(Beginning of RECORDS FOR PROCESSING)

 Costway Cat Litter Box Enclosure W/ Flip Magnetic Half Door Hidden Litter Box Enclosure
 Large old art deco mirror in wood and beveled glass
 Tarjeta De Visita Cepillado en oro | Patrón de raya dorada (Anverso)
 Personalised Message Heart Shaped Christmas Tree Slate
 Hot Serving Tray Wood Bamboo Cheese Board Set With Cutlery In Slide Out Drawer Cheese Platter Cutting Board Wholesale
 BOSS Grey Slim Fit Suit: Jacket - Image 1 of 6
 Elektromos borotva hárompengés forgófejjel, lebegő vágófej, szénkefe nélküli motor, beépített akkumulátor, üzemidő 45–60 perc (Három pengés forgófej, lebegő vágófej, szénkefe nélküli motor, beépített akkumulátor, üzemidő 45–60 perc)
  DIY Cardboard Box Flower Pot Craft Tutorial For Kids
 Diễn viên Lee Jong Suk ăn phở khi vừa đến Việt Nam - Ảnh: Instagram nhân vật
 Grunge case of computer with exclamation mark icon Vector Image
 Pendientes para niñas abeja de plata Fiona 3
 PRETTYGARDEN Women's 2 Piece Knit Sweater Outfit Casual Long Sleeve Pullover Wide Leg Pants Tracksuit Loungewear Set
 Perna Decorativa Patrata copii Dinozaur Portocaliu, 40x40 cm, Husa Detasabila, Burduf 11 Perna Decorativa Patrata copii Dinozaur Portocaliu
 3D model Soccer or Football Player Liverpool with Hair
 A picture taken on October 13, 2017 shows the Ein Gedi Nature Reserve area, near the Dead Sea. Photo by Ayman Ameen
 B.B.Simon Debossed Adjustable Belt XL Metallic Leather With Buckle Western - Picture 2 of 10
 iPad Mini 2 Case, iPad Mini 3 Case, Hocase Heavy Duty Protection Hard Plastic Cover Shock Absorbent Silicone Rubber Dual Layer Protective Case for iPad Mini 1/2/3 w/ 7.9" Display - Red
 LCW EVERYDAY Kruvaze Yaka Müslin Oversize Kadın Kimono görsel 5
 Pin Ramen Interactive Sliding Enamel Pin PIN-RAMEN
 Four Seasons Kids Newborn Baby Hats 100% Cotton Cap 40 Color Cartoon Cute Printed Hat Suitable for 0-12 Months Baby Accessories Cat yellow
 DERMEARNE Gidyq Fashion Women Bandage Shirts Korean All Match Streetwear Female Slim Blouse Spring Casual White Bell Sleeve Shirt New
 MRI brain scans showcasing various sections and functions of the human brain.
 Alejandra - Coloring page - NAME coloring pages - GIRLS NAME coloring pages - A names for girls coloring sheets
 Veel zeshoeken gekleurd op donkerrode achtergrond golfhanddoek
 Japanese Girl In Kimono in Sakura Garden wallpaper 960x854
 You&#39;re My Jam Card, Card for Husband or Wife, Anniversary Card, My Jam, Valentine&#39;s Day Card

(End of RECORDS FOR PROCESSING)

=== WHAT YOU NEED TO DO ===
Take the data above and return it exactly.

=== RESULT BELOW ===
 Costway Cat Litter Box Enclosure W/ Flip Magnetic Half Door Hidden Litter Box Enclosure
 Large old art deco mirror in wood and beveled glass
 Tarjeta De Visita Cepillado en oro | Patrón de raya dorada (Anverso)
 Personalised Message Heart Shaped Christmas Tree Slate
 Hot Serving Tray Wood Bamboo Cheese Board Set With Cutlery In Slide Out Drawer Cheese Platter Cutting Board Wholesale
 BOSS Grey Slim Fit Suit: Jacket - Image 1 of 6
 Elektromos borotva hárompengés forgófejjel, lebegő vágófej, szénkefe nélküli motor, beépített akkumulátor, üzemidő 45–60 perc (Három pengés forgófej, lebegő vágófej, szénkefe nélküli motor, beépített akkumulátor, üzemidő 45–60 perc)
  DIY Cardboard Box Flower Pot Craft Tutorial For Kids
 Diễn viên Lee Jong Suk ăn phở khi vừa đến Việt Nam - Ảnh: Instagram nhân vật
 Grunge case of computer with exclamation mark icon Vector Image
 Pendientes para niñas abeja de plata Fiona 3
 PRETTYGARDEN Women's 2 Piece Knit Sweater Outfit Casual Long Sleeve Pullover Wide Leg Pants Tracksuit Loungewear Set
 Perna Decorativa Patrata copii Dinozaur Portocaliu, 40x40 cm, Husa Detasabila, Burduf 11 Perna Decorativa Patrata copii Dinozaur Portocaliu
 3D model Soccer or Football Player Liverpool with Hair
 A picture taken on October 13, 2017 shows the Ein Gedi Nature Reserve area, near the Dead Sea. Photo by Ayman Ameen
 B.B.Simon Debossed Adjustable Belt XL Metallic Leather With Buckle Western - Picture 2 of 10
 iPad Mini 2 Case, iPad Mini 3 Case, Hocase Heavy Duty Protection Hard Plastic Cover Shock Absorbent Silicone Rubber Dual Layer Protective Case for iPad Mini 1/2/3 w/ 7.9" Display - Red
 LCW EVERYDAY Kruvaze Yaka Müslin Oversize Kadın Kimono görsel 5
 Pin Ramen Interactive Sliding Enamel Pin PIN-RAMEN
 Four Seasons Kids Newborn Baby Hats 100% Cotton Cap 40 Color Cartoon Cute Printed Hat Suitable for 0-12 Months Baby Accessories Cat yellow
 DERMEARNE Gidyq Fashion Women Bandage Shirts Korean All Match Streetwear Female Slim Blouse Spring Casual White Bell Sleeve Shirt New
 MRI brain scans showcasing various sections and functions of the human brain.
 Alejandra - Coloring page - NAME coloring pages - GIRLS NAME coloring pages - A names for girls coloring sheets
 Veel zeshoeken gekleurd op donkerrode achtergrond golfhanddoek
 Japanese Girl In Kimono in Sakura Garden wallpaper 960x854
 You&#39;re My Jam Card, Card for Husband or Wife, Anniversary Card, My Jam, Valentine&#39;s Day Card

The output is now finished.